Getting started with Iceberg has never been easier! With a few lines of Python and we can query our Iceberg tables with DuckDB and convert them to pandas dataframes!

Photo by Jeremy Bishop / Unsplash

Introduction

The purpose of this article is to get you started with Iceberg using Python. We'll start with a quick introduction to Iceberg & table formats in general, then we'll get started with a simple example using Python & DuckDB to query Iceberg tables.

Let's start with the basics

First of all, we need data. One of the most common places to store data is an object storage system like S3 or GCS. If there is some organization to how the files are stored, we can even go as far as calling this a data lake! Having all of our data available in a data lake is a great start, but definitely not enough for modern analytical use cases.

Data Lakes by themselves are great for the storage layer, but they do not provide any consistency guarantees or schema information that we would expect from a more structured data store. To help with this problem, we can use a table format!

What is a table format?

A table format is a specification for how to store data in a collection of files. The files are usually stored in an object store like S3 or GCS. The table format specification defines how to store data in the files, how to store metadata about the files, and how to store metadata about the table itself.

Think of a table format as a protocol for storing data in a collection of files. The files themselves are the same .csv or .parquet files you're used to, but instead of loading them into a data warehouse like Redshift or Snowflake, you define a structure over them using a table format.

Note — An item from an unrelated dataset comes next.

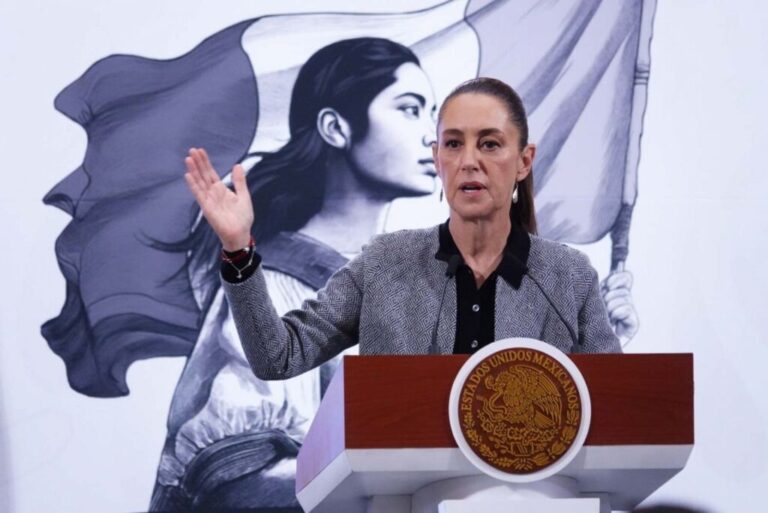 Sheinbaum emite decreto de ley que endurece el control de armas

Table formats have been around for a long time, but Iceberg and Delta Lake have been gaining popularity lately as two of the most prominent contenders, with Hudi coming in as a close second. The differences between them are very interesting,
but not the focus of this article, maybe a future one!

Why Iceberg?

Iceberg is a table format designed for huge analytic datasets. It offers a clean SQL interface for querying data, full schema evolution, time travel, and rollback, among other killer features.

For an exhaustive comparison of table formats like Iceberg and Delta Lake, check out the benchmark analysis by Brooklyn Data Co.

Now that we have a basic understanding of the tools we'll be using, let's get started!

Getting started with Iceberg using Python

Let's get started! Our goal is to spin up a local Iceberg table using Python and DuckDB. We'll use MinIO as our object storage system, spark to ingest our data, and DuckDB to query the table through the pyiceberg library.

The Data Lake

First of all, we'll need a Data Lake to store our data in. We'll use MinIO, an open-source S3-compatible object storage system. We'll use Docker to run MinIO, but you can also run it locally if you'd like. I've prepared a docker-compose.yml file with all the necessary services for the demo for convenience.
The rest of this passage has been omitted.